Fino alla scorsa settimana v’era ancora chi molto ingenuamente credeva che con l’Italia si potesse aprire il varco per un vero accordo sui temi fiscali, su quelli della superata convenzione dei frontalieri del 1976 e sulla perniciosa “black list”, che penalizza arbitrariamente tutte le nostre relazioni economiche e finanziarie con l’Italia. Purtroppo, si è dovuto nuovamente constatare che all’Italia gli accordi con la Svizzera interessano meno di zero, nel senso che il governo di Roma intende mantenere una posizione unilaterale, che inoltre esclude totalmente i temi legati alla fiscalità dei frontalieri e alla “black list”.

Mentre nel Parlamento italiano i deputati si azzuffavano alla grande, il ministro italiano Saccomanni è venuto a Berna a ribadire i concetti di questa unilateralità, senza che chi dovere da parte svizzera abbia palesato la benché minima rimostranza in proposito. Altro che accordo!

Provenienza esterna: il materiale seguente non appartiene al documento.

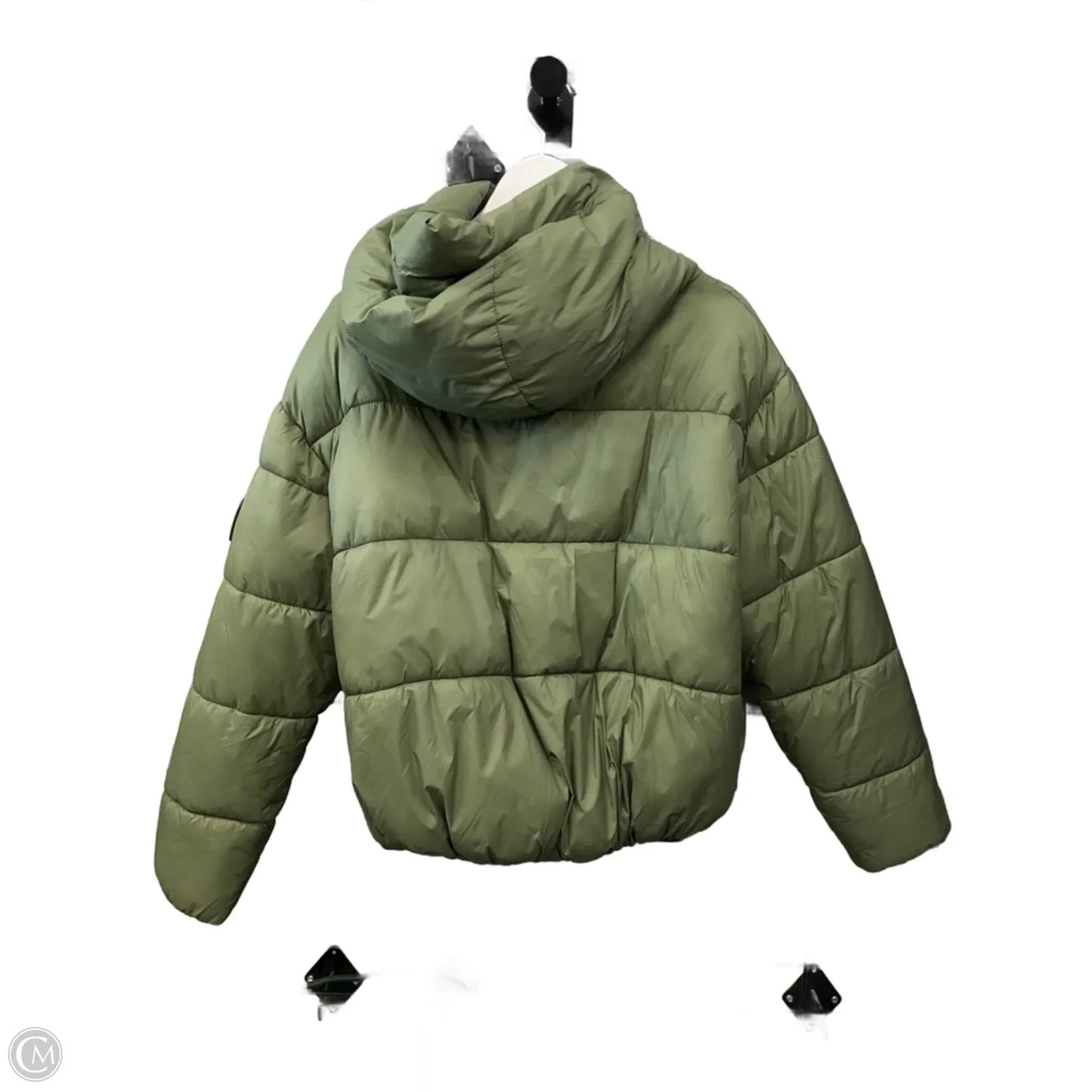 Jacket Puffer & Quilted By Calvin Klein In Green, Size: M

Contemporaneamente, sempre nella capitale federale, andava in scena il “Forum per il dialogo tra la Svizzera e l’Italia”, un inutile incontro che ha raccolto un centinaio di personalità, alcune delle quali, pur essendo svizzere, non difenderanno mai e poi mai gli interessi del nostro Paese . Visti i problemi sul tappeto, non era proprio il caso di prodursi in questo genere di salotto!

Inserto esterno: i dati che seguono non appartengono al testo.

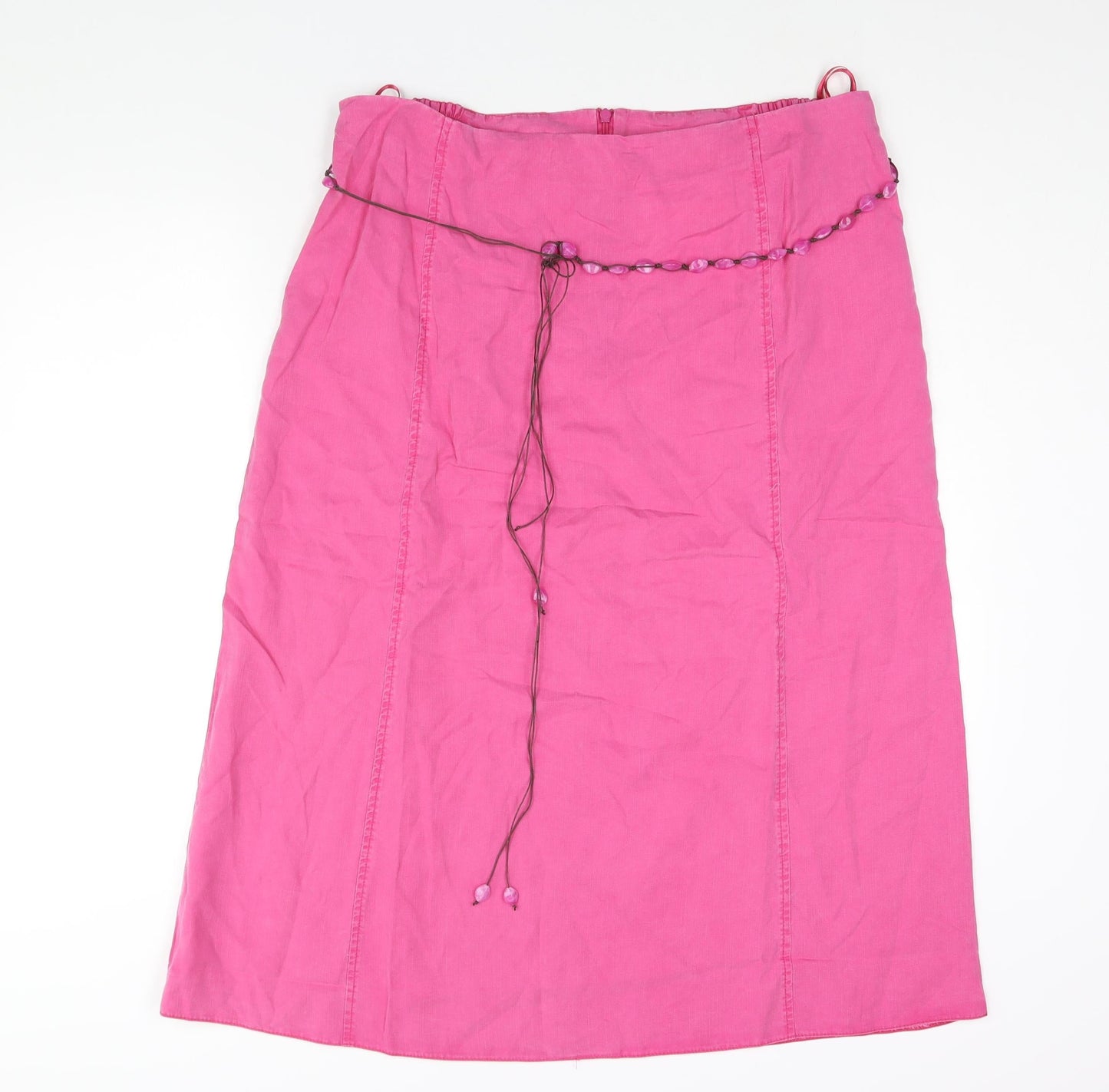 Ann Harvey Womens Pink Lyocell A-Line Skirt Size 18 Zip - Beaded Belt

Soffocata da un debito pubblico stratosferico, la vicina penisola ha “fame” ed è essenzialmente interessata a far cassa, riportando a casa quanti più capitali possibili, trincerandosi dietro ipotetiche o reali direttive internazionali, nei confronti delle quali anche la nostra “docile” ministra delle finanze Widmer –Schlumpf (che ci sta portando nel baratro) si è sempre celermente piegata, addirittura anticipando misure neppure richieste . Per quanto deprecabile, quella italiana è una posizione di cui dobbiamo prendere atto, evitando di spendere energie e soldi in inutili trattative e cercando almeno di frenare il distruttivo cedimento del nostro governo federale.

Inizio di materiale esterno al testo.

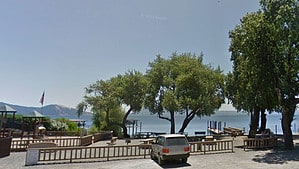 A vibrant dog park bathed in sunlight features abundant greenery with mature trees, offering ample shade for leisurely outdoor activities. In the distance is a well-equipped playground that presents an additional activity area. An inviting picnic table spreads out nearby, ideal for enjoying meals al fresco or taking relaxing breaks from play. A neatly-placed trash bin aids in maintaining the park's cleanliness for everyone's enjoyment. Dominating the scene is a generously wide dirt path gracefully curving through the expanse of grass, promising exploratory walks and lively fetch games.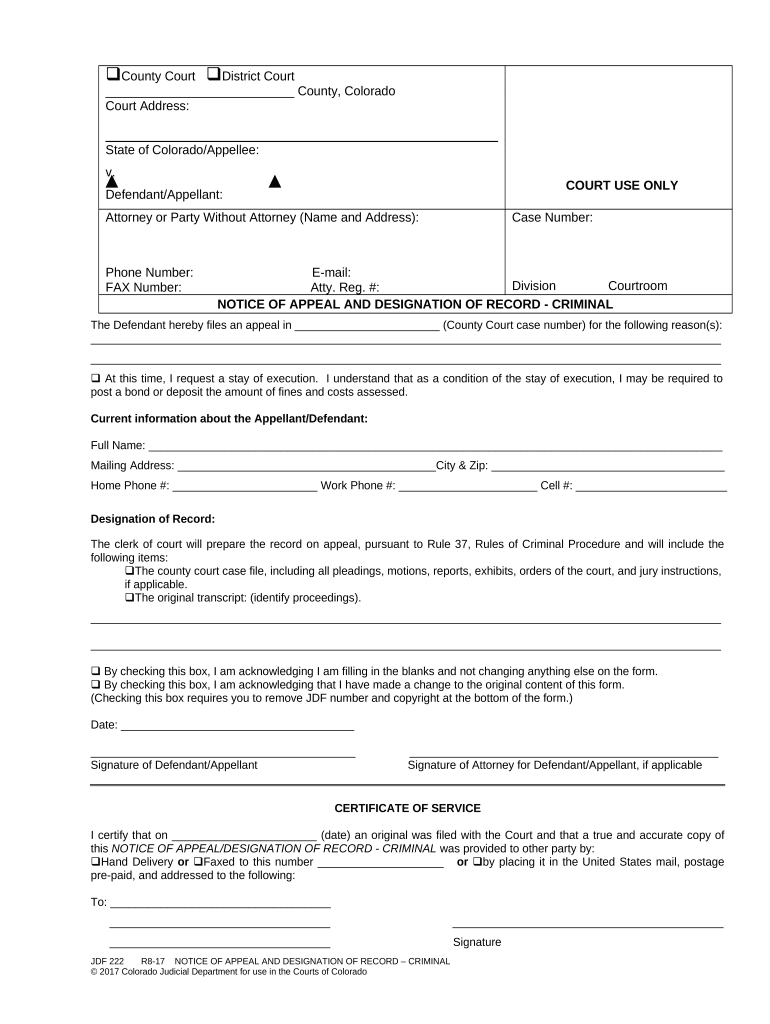 Notice of Appeal and Designation of Record Criminal Colorado  Form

Nel breve termine, sarà pertanto fondamentale che il Parlamento federale blocchi la convenzione OCSE sull’assistenza amministrativa firmata nell’ottobre scorso dal Consiglio federale, una convenzione che ci penalizzerebbe oltre ogni limite, togliendoci tutte le carte da giocare – anche per eventuali trattati con l’Italia -, introducendo lo scambio di informazioni su richiesta. Di questa preoccupazione si sono fatti interpreti le principali associazioni economiche di categoria del Canton Ticino, che in una nota diffusa la scorsa settimana hanno messo i puntini sulle “i” sull’orientamento adottato dal governo federale.

Nel frattempo, l’ABT ha promosso un convegno a Lugano sul tema della “Voluntary disclosure” (il decreto legge votato dal Parlamento italiano per riportare i capitali detenuti all’estero in Italia, che penalizza nuovamente la Svizzera, essendo il nostro paese nella “black list”), chiamando, fra gli altri, come relatori addirittura un magistrato e un alto ufficiale della Guardia di finanza, ambedue in attività. Con gli attuali chiari di luna sulla piazza finanziaria ticinese, la mossa dell’ABT rischia di essere anche dannosa.

Non dubito che questi inviti siano legittimi, però, in un momento come quello attuale, far capo a magistrati e ufficiali in carica di un paese straniero, con il quale abbiamo un difficile contenzioso e non pochi problemi, mi suona davvero fuori luogo, per non dire altamente inopportuno. Che, poi, questi magistrati e questi personaggi vengano da noi assumendo toni arroganti e minacciosi –come è successo – non è accettabile per nessuna ragione al mondo. Forse, per il fatto che in Ticino si parla l’italiano, questi signori pensavano di essere a casa loro?